Activity: In the records below, repeat exactly the lines between the line holding "Foto 42 van Aart van der Leeuwstraat 15" and the line holding "36 W Saint Marks Place Property Photo 33", inclusive, and drop the pictures.

====== Excerpted data

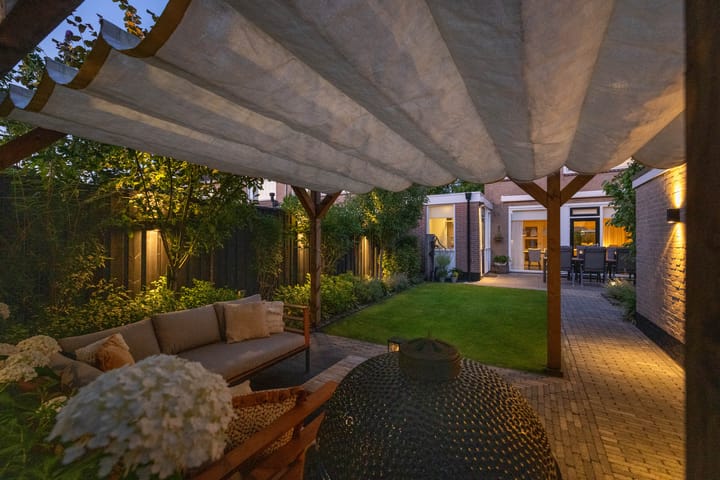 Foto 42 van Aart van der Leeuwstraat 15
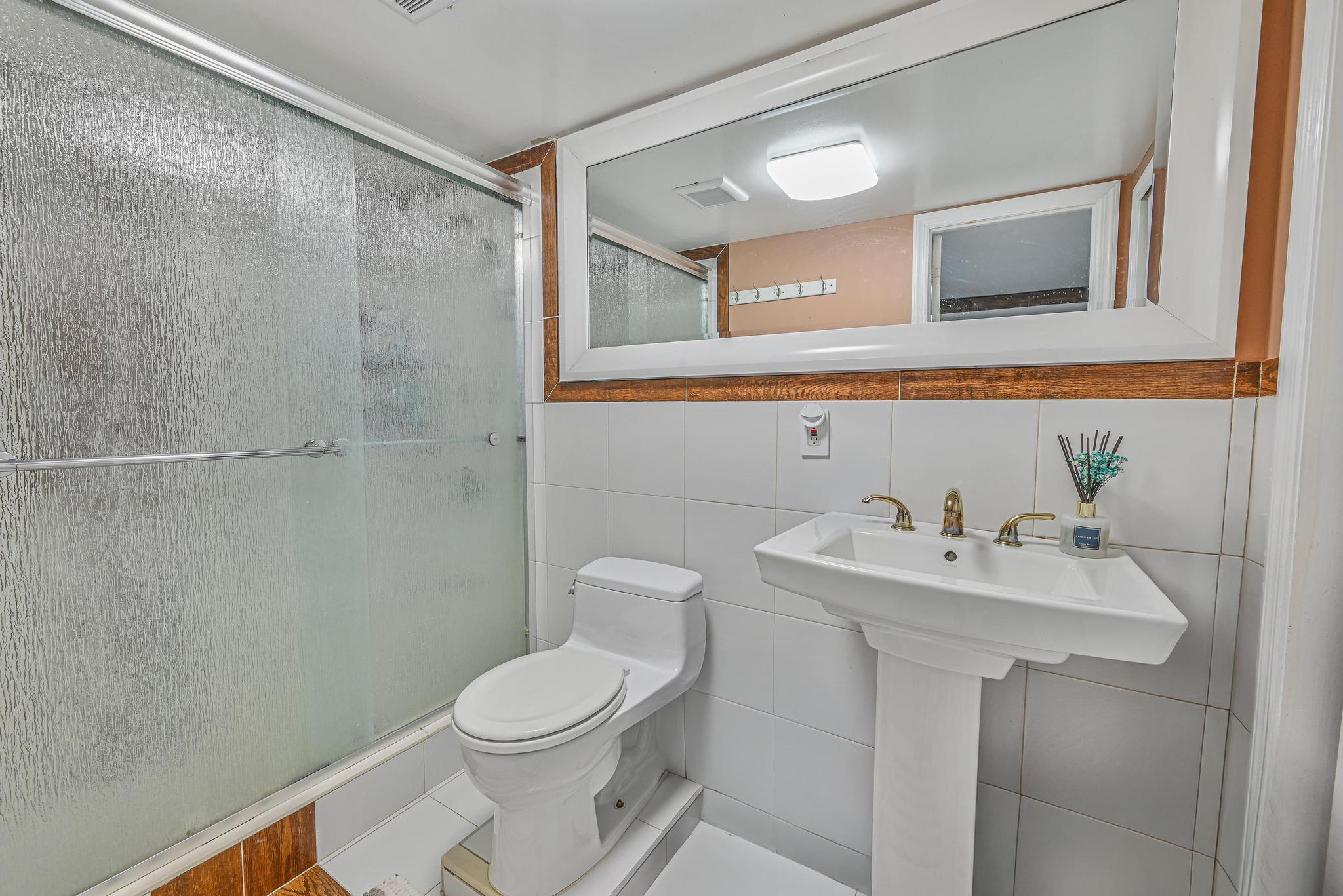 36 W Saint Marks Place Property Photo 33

============
====== Excerpted data

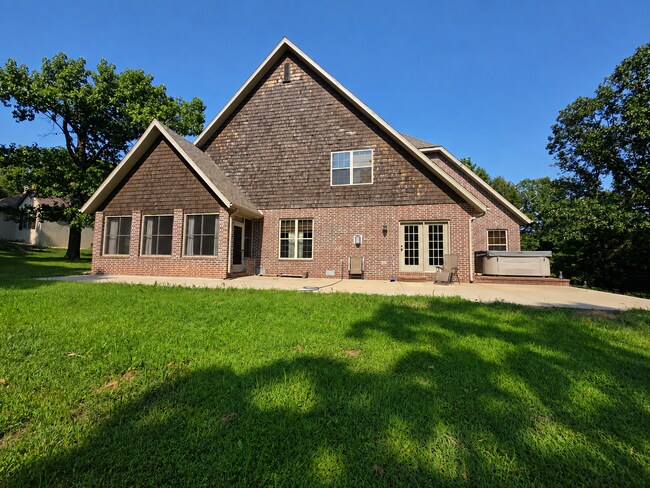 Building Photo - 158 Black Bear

============

Solution for this problem:
 Foto 42 van Aart van der Leeuwstraat 15
 36 W Saint Marks Place Property Photo 33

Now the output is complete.